=== TASK STATEMENT ===
Each line from the one with "2307 Rocky Mountain" through the end of the records below should be transcribed exactly, and each picture should be skipped.
================
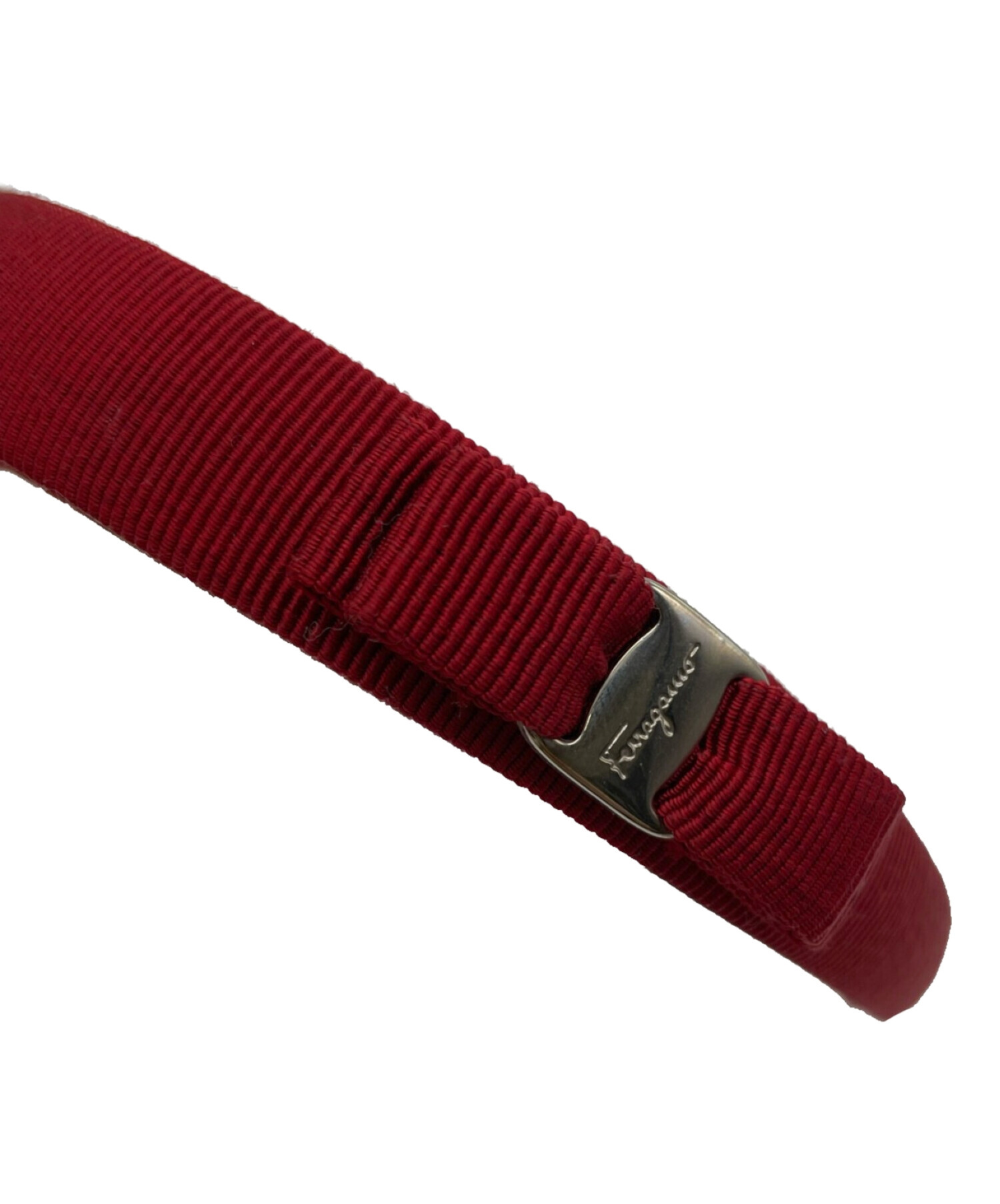 中古・古着通販】Salvatore Ferragamo (サルヴァトーレ フェラガモ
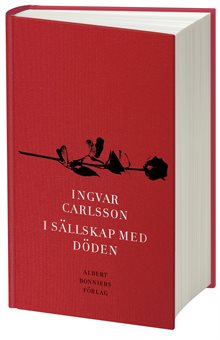 I sällskap med döden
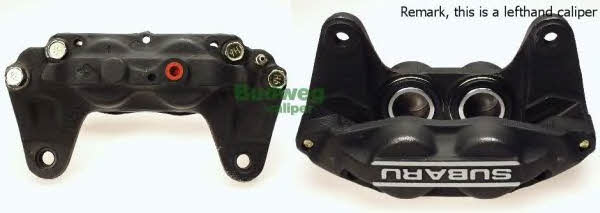 Купить Brembo F 78 019 по низкой цене в Украине!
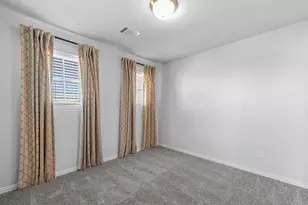 2307 Rocky Mountain Dr, Royse City, TX 75189 - Photo 18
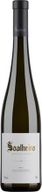 Soalheiro Primeiras Vinhas Alvarinho Branco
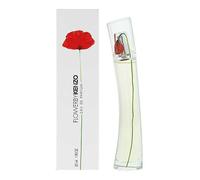 Kenzo Flower Eau De Parfum 30ml Green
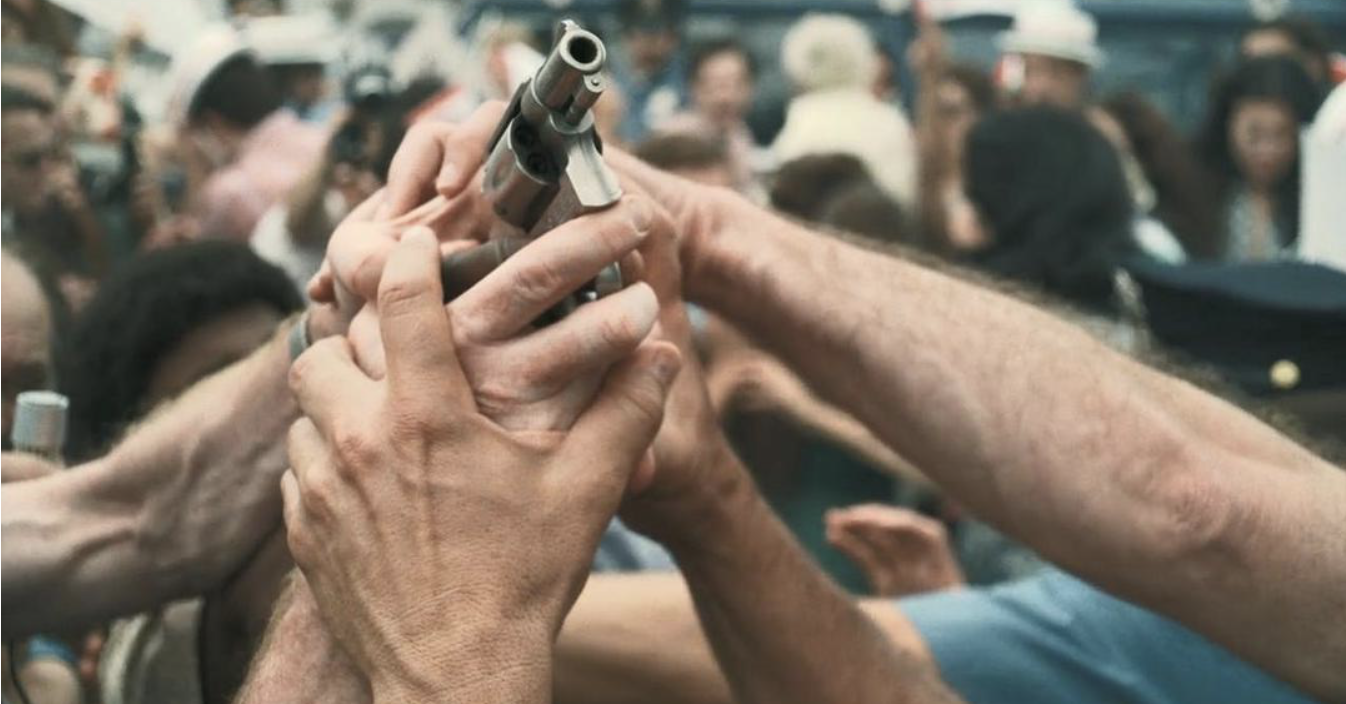 导演抱团，批评对了吗？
================
=== ANSWER TO THE PROBLEM ===
 2307 Rocky Mountain Dr, Royse City, TX 75189 - Photo 18
 Soalheiro Primeiras Vinhas Alvarinho Branco
 Kenzo Flower Eau De Parfum 30ml Green
 导演抱团，批评对了吗？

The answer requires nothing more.